Tesla became one of history’s most prolific inventors, credited with foundational work in alternating current (AC) electricity, radio technology, remote control, hydroelectric power, robotics concepts, and even early thinking that resembles today’s wireless communication.
A Childhood Charged With Curiosity
Tesla grew up in a Serbian family of intellectuals: his father, Milutin, was an Eastern Orthodox priest; his mother, Đuka was a gifted inventor of household tools and mechanical devices. Tesla consistently credited her as the source of his inventive talent.
He demonstrated an early aptitude for mathematics and mechanical design, often solving complex calculations mentally. His reported ability to visualize machines in three dimensions - “mental engineering,” essentially - emerged in childhood and remained a hallmark of his genius.
Work as a Life Force
Tesla’s philosophy of success could be summed up as discipline meets obsession. He was famously rigorous: rising early, working late, sometimes skipping meals in favor of extended sessions. His mind operated at lightning speed - fitting for a man who could visualize entire machines before putting pencil to paper.

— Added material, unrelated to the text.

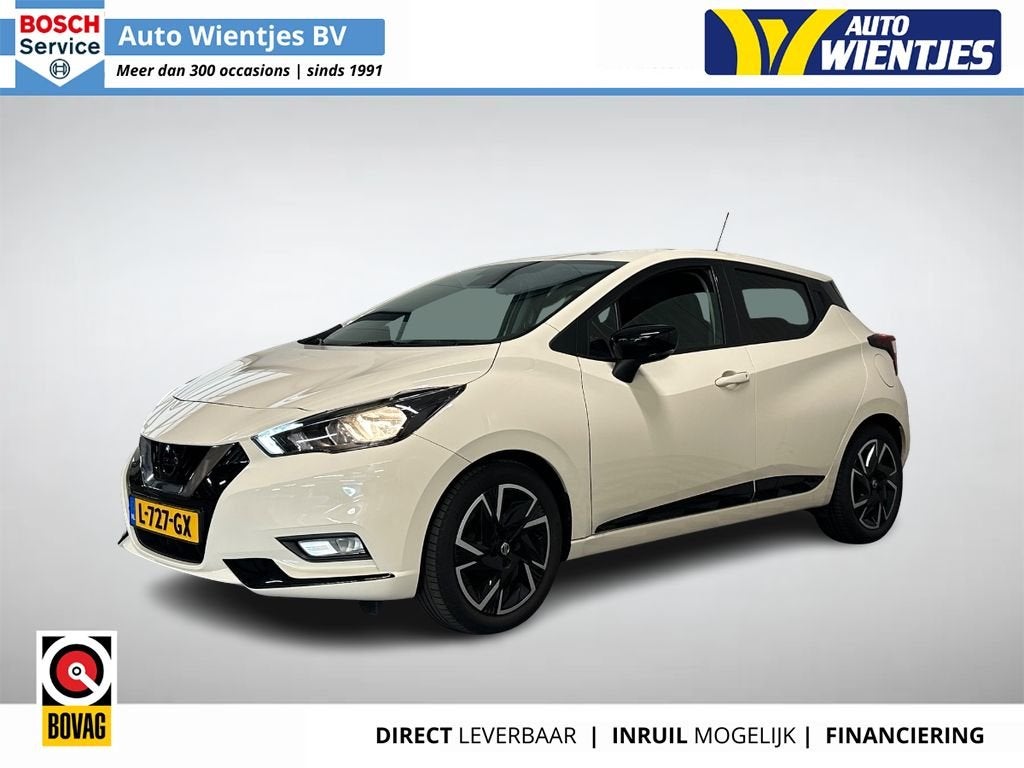 Nissan Micra 1.0 IG-T | N-Design 5-Drs | Airco | Cruise | Ca, Auto's, Euro 6, Wit, 92 pk, 999 cc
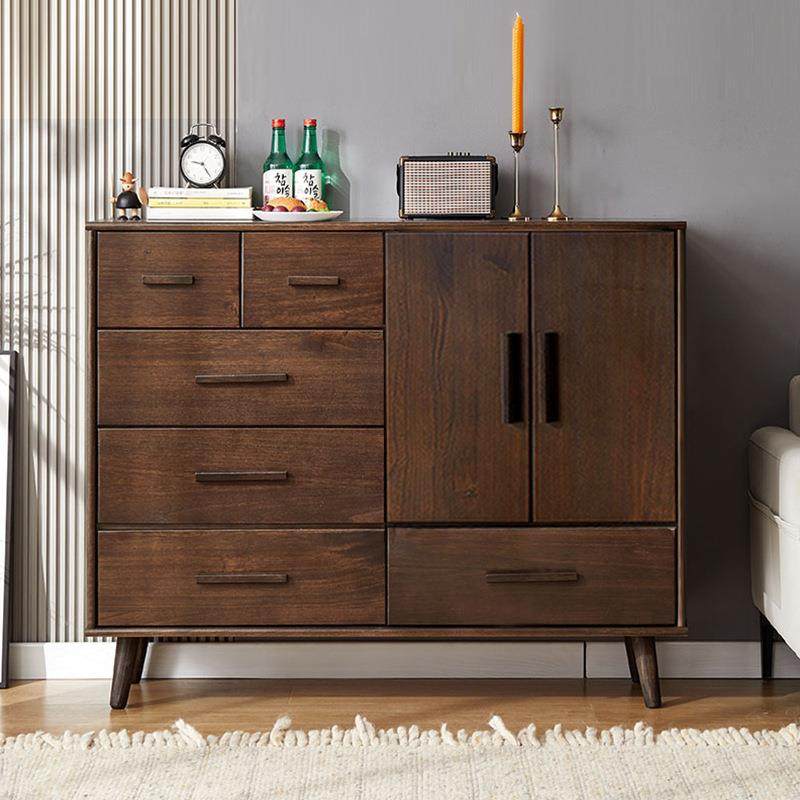 现代简约实木大斗柜五斗柜北欧卧室胡桃木色储物柜抽屉收纳置物柜,农用物资,其他肥料,淘宝优惠券,粉丝福利购,淘宝优惠卷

Tesla’s collaboration with George Westinghouse on the Niagara Falls hydroelectric project marked a turning point in the history of electricity. When the plant went online in 1895 and began sending power to Buffalo, New York, it proved that alternating current could efficiently transmit electricity over long distances - a feat that newspapers hailed as a “modern miracle.” This success helped lay the foundation for the electrical grids that still power our world today.

Photo credits: Tesla sitting in front of a spiral coil used in his wireless power experiments at his East Houston St. laboratory
Tesla’s experiments at his Colorado Springs laboratory in 1899 pushed the boundaries of what electricity could do. He created massive electrical discharges over a hundred feet long and explored the wireless transmission of energy, even detecting mysterious radio signals that he speculated might come from intelligent sources - though today they are known to be natural phenomena.
In 1898, he stunned audiences by unveiling a remote-controlled boat at Madison Square Garden. Spectators had never seen anything like it: a machine that moved at his command without wires. This early glimpse of wireless automation was decades ahead of its time.
Love: The Muse That Never Arrived
Tesla never married, and he claimed he preferred a life of celibacy, believing romantic entanglement might disrupt his work. He was fiercely dedicated to his research, often to the exclusion of personal relationships.
He did profess a deep affection for pigeons later in life, especially one white pigeon he described as a companion he deeply cared for.
Nikola Tesla died in 1943 in New York, largely unrecognized in his final years - a situation he once accepted with wry foresight: “The present is theirs; the future, for which I really worked, is mine.” True enough: a century later his name hums through science labs, textbooks and even whizzes past on electric cars. As Tesla himself put it, “Let the future tell the truth, and evaluate each one according to his work and accomplishments.” It turns out the future did exactly that - though it took its sweet time catching up.